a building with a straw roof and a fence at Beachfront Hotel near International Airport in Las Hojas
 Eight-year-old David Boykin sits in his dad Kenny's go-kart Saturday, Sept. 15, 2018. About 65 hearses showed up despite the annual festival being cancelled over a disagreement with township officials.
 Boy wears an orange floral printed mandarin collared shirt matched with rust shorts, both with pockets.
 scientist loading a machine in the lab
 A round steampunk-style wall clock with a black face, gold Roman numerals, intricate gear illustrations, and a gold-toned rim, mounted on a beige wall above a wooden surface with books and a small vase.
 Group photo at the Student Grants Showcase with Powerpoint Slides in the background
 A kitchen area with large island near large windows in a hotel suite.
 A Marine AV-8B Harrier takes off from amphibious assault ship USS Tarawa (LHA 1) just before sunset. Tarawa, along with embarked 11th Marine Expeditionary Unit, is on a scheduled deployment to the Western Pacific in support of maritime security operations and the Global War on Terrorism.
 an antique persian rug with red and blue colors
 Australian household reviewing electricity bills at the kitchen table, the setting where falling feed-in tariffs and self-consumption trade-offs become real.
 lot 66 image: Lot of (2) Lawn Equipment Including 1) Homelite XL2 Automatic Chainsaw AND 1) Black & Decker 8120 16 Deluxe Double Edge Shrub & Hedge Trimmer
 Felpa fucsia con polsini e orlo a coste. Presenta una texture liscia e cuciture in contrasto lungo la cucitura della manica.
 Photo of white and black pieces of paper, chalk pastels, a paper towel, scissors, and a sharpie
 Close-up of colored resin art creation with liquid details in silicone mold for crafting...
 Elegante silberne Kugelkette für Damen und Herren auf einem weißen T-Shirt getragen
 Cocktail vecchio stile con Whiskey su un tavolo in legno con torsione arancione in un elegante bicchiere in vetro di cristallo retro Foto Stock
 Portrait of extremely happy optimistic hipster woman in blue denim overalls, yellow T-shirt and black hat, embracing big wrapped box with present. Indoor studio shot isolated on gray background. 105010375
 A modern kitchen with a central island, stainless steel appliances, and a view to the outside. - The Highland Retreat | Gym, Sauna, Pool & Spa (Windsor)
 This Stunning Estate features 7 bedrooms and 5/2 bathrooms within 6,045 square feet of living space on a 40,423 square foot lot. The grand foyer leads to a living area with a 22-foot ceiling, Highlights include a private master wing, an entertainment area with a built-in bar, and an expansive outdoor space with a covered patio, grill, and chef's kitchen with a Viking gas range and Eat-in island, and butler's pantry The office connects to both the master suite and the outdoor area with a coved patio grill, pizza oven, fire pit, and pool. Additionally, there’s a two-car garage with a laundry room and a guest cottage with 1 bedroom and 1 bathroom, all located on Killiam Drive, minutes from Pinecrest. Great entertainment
++++++++
Copy all of the listing above exactly, please.

a building with a straw roof and a fence at Beachfront Hotel near International Airport in Las Hojas
 Eight-year-old David Boykin sits in his dad Kenny's go-kart Saturday, Sept. 15, 2018. About 65 hearses showed up despite the annual festival being cancelled over a disagreement with township officials.
 Boy wears an orange floral printed mandarin collared shirt matched with rust shorts, both with pockets.
 scientist loading a machine in the lab
 A round steampunk-style wall clock with a black face, gold Roman numerals, intricate gear illustrations, and a gold-toned rim, mounted on a beige wall above a wooden surface with books and a small vase.
 Group photo at the Student Grants Showcase with Powerpoint Slides in the background
 A kitchen area with large island near large windows in a hotel suite.
 A Marine AV-8B Harrier takes off from amphibious assault ship USS Tarawa (LHA 1) just before sunset. Tarawa, along with embarked 11th Marine Expeditionary Unit, is on a scheduled deployment to the Western Pacific in support of maritime security operations and the Global War on Terrorism.
 an antique persian rug with red and blue colors
 Australian household reviewing electricity bills at the kitchen table, the setting where falling feed-in tariffs and self-consumption trade-offs become real.
 lot 66 image: Lot of (2) Lawn Equipment Including 1) Homelite XL2 Automatic Chainsaw AND 1) Black & Decker 8120 16 Deluxe Double Edge Shrub & Hedge Trimmer
 Felpa fucsia con polsini e orlo a coste. Presenta una texture liscia e cuciture in contrasto lungo la cucitura della manica.
 Photo of white and black pieces of paper, chalk pastels, a paper towel, scissors, and a sharpie
 Close-up of colored resin art creation with liquid details in silicone mold for crafting...
 Elegante silberne Kugelkette für Damen und Herren auf einem weißen T-Shirt getragen
 Cocktail vecchio stile con Whiskey su un tavolo in legno con torsione arancione in un elegante bicchiere in vetro di cristallo retro Foto Stock
 Portrait of extremely happy optimistic hipster woman in blue denim overalls, yellow T-shirt and black hat, embracing big wrapped box with present. Indoor studio shot isolated on gray background. 105010375
 A modern kitchen with a central island, stainless steel appliances, and a view to the outside. - The Highland Retreat | Gym, Sauna, Pool & Spa (Windsor)
 This Stunning Estate features 7 bedrooms and 5/2 bathrooms within 6,045 square feet of living space on a 40,423 square foot lot. The grand foyer leads to a living area with a 22-foot ceiling, Highlights include a private master wing, an entertainment area with a built-in bar, and an expansive outdoor space with a covered patio, grill, and chef's kitchen with a Viking gas range and Eat-in island, and butler's pantry The office connects to both the master suite and the outdoor area with a coved patio grill, pizza oven, fire pit, and pool. Additionally, there’s a two-car garage with a laundry room and a guest cottage with 1 bedroom and 1 bathroom, all located on Killiam Drive, minutes from Pinecrest. Great entertainment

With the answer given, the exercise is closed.